Function call by value in C programming

Function call by value is the default way of calling a function in C programming. Before we discuss function call by value, lets understand the terminologies that we will use while explaining this:

Actual parameters: The parameters that appear in function calls.
Formal parameters: The parameters that appear in function declarations.

For example:

#include <stdio.h>
int sum(int a, int b)
{
     int c=a+b;
     return c;
}

int main(
{
    int var1 =10;
    int var2 = 20;
    int var3 = sum(var1, var2);
    printf("%d", var3);

    return 0;
}

In the above example variable a and b are the formal parameters (or formal arguments). Variable var1 and var2 are the actual arguments (or actual parameters). The actual parameters can also be the values. Like sum(10, 20), here 10 and 20 are actual parameters.

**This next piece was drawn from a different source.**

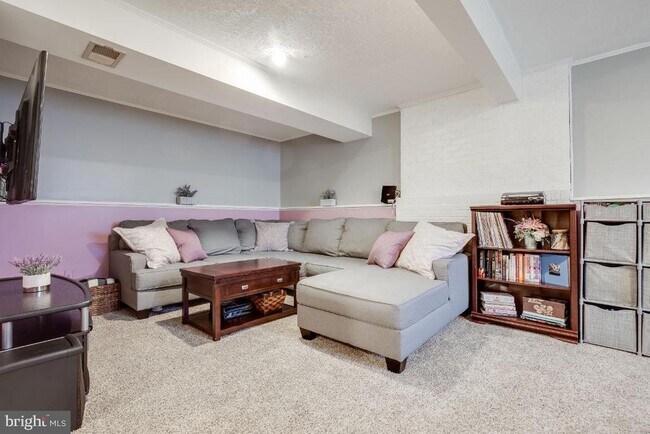 Building Photo - 8280 Wold Den Ct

What is Function Call By value?

When we pass the actual parameters while calling a function then this is
 known as function call by value. In this case the values of actual 
parameters are copied to the formal parameters. Thus operations 
performed on the formal parameters don’t reflect in the actual 
parameters.

Example of Function call by Value

As mentioned above, in the call by value the actual arguments are copied to the formal arguments, hence any operation performed by function on arguments doesn’t affect actual parameters. Lets take an example to understand this:

#include <stdio.h> int increment(int var) { var = var+1; return var; } int main() { int num1=20; int num2 = increment(num1); printf("num1 value is: %d", num1); printf("\nnum2 value is: %d", num2); return 0; }

Output:

num1 value is: 20 num2 value is: 21

Explanation
We passed the variable num1 while calling the method, but since we are calling the function using call by value method, only the value of num1 is copied to the formal parameter var. Thus change made to the var doesn’t reflect in the num1.

Example 2: Swapping numbers using Function Call by Value

#include <stdio.h>

void swapnum( int var1, int var2 ) {

int tempnum ; /*Copying var1 value into temporary variable */

tempnum = var1 ; /* Copying var2 value into var1*/

var1 = var2 ; /*Copying temporary variable value into var2 */

var2 = tempnum ; }

int main( ) {

int num1 = 35, num2 = 45 ;

printf("Before swapping: %d, %d", num1, num2); /*calling swap function*/

swapnum(num1, num2);

printf("\nAfter swapping: %d, %d", num1, num2); }

Output:

Before swapping: 35, 45 After swapping: 35, 45

Why variables remain unchanged even after the swap?
The reason is same – function is called by value for num1 & num2. So actually var1 and var2 gets swapped (not num1 & num2). As in call by value actual parameters are just copied into the formal parameters.